2006-03-17 08:23:34

by Yasunori Goto

[permalink] [raw]
Subject: [PATCH: 010/017]Memory hotplug for new nodes v.4.(allocate wait table)


Wait_table is initialized according to zone size at boot time.
But, we cannot know the maixmum zone size when memory hotplug is enabled.
It can be changed.... And resizing of wait_table is too hard.

So kernel allocate and initialzie wait_table as its maximum size.
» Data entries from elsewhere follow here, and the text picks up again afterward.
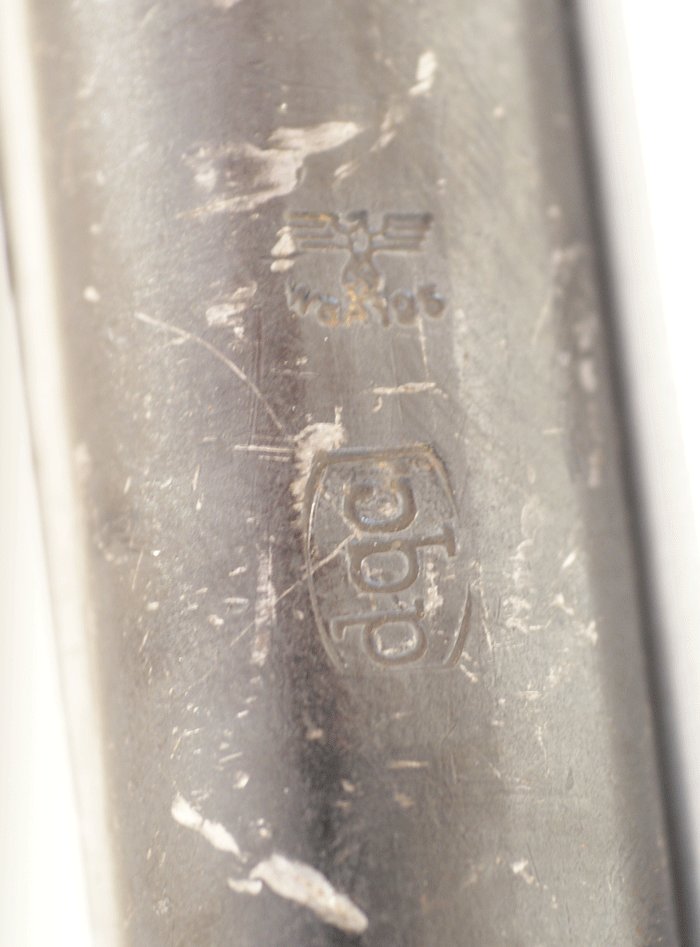 MG34 bipod - early type — image 5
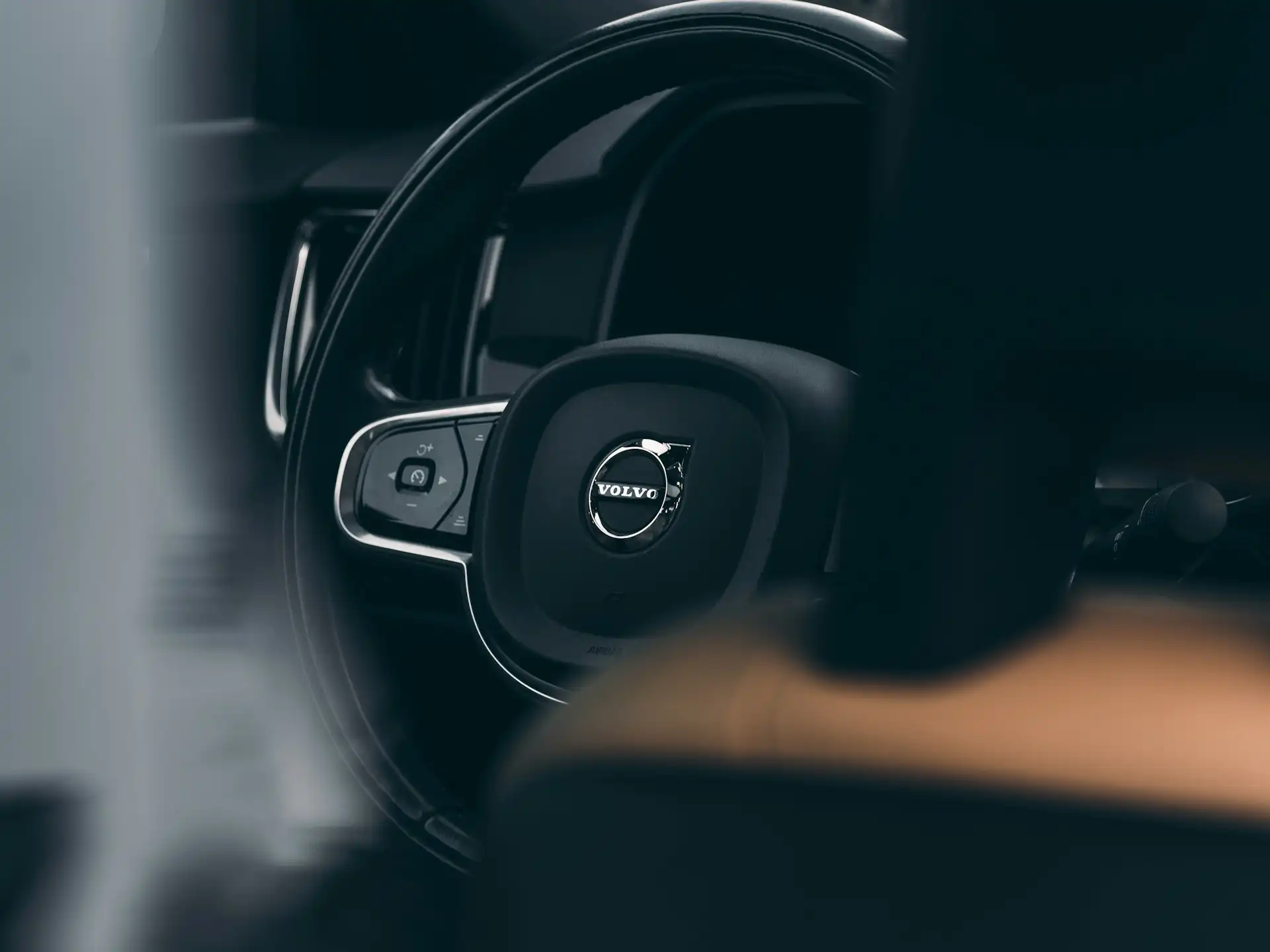 Luxury Car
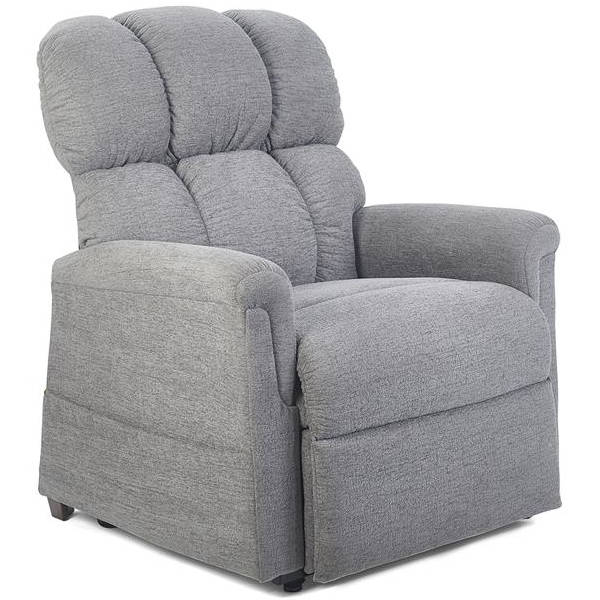 Fauteuil Releveur électrique Confort forte taille XXL 1 moteur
Signed-off-by: KAMEZAWA Hiroyuki <[email protected]>
Signed-off-by: Yasunori Goto <[email protected]>

mm/page_alloc.c | 45 +++++++++++++++++++++++++++++++++++++++------
1 files changed, 39 insertions(+), 6 deletions(-)

Index: pgdat8/mm/page_alloc.c
===================================================================
--- pgdat8.orig/mm/page_alloc.c 2006-03-17 11:13:18.466550152 +0900
+++ pgdat8/mm/page_alloc.c 2006-03-17 11:19:32.371677992 +0900
@@ -1788,6 +1788,7 @@ void __init build_all_zonelists(void)
*/
#define PAGES_PER_WAITQUEUE 256

+#ifdef CONFIG_MEMORY_HOTPLUG
static inline unsigned long wait_table_size(unsigned long pages)
{
unsigned long size = 1;
@@ -1806,6 +1807,17 @@ static inline unsigned long wait_table_s

return max(size, 4UL);
}
+#else
+/*
+ * Because zone size might be changed by hot-add,
+ * We can't determin suitable size for wait_table as traditional.
+ * So, we use maximum size.
+ */
+static inline unsigned long wait_table_size(unsigned long pages)
+{
+ return 4096UL;
+}
+#endif

/*
* This is an integer logarithm so that shifts can be used later
@@ -2074,7 +2086,7 @@ void __init setup_per_cpu_pageset(void)
#endif

static __meminit
-void zone_wait_table_init(struct zone *zone, unsigned long zone_size_pages)
+int zone_wait_table_init(struct zone *zone, unsigned long zone_size_pages)
{
int i;
struct pglist_data *pgdat = zone->zone_pgdat;
@@ -2085,12 +2097,37 @@ void zone_wait_table_init(struct zone *z
*/
zone->wait_table_size = wait_table_size(zone_size_pages);
zone->wait_table_bits = wait_table_bits(zone->wait_table_size);
- zone->wait_table = (wait_queue_head_t *)
- alloc_bootmem_node(pgdat, zone->wait_table_size
- * sizeof(wait_queue_head_t));
+ if (system_state == SYSTEM_BOOTING) {
+ zone->wait_table = (wait_queue_head_t *)
+ alloc_bootmem_node(pgdat, zone->wait_table_size
+ * sizeof(wait_queue_head_t));
+ } else {
+ int table_size;
+ /*
+ * XXX: This is the case that new node is hotadded.
+ * At this time, kmalloc() will not get this new node's
+ * memory. Because this wait_table must be initialized,
+ * to use this new node itself. To use this new node's
+ * memory, further consideration will be necessary.
+ */
+ do {
+ table_size = zone->wait_table_size
+ * sizeof(wait_queue_head_t);
+ zone->wait_table = kmalloc(table_size, GFP_KERNEL);
+ if (!zone->wait_table) {
+ /* try half size */
+ zone->wait_table_size >>= 1;
+ zone->wait_table_bits =
+ wait_table_bits(zone->wait_table_size);
+ }
+ } while (zone->wait_table_size && !zone->wait_table);
+ }
+ if (!zone->wait_table)
+ return -ENOMEM;

for(i = 0; i < zone->wait_table_size; ++i)
init_waitqueue_head(zone->wait_table + i);
+ return 0;
}

static __meminit void zone_pcp_init(struct zone *zone)
@@ -2116,8 +2153,10 @@ __meminit int init_currently_empty_zone(
unsigned long size)
{
struct pglist_data *pgdat = zone->zone_pgdat;
-
- zone_wait_table_init(zone, size);
+ int ret;
+ ret = zone_wait_table_init(zone, size);
+ if (ret)
+ return ret;
pgdat->nr_zones = zone_idx(zone) + 1;

zone->zone_start_pfn = zone_start_pfn;

--
Yasunori Goto



2006-03-17 17:54:37

by Dave Hansen

[permalink] [raw]
Subject: Re: [PATCH: 010/017]Memory hotplug for new nodes v.4.(allocate wait table)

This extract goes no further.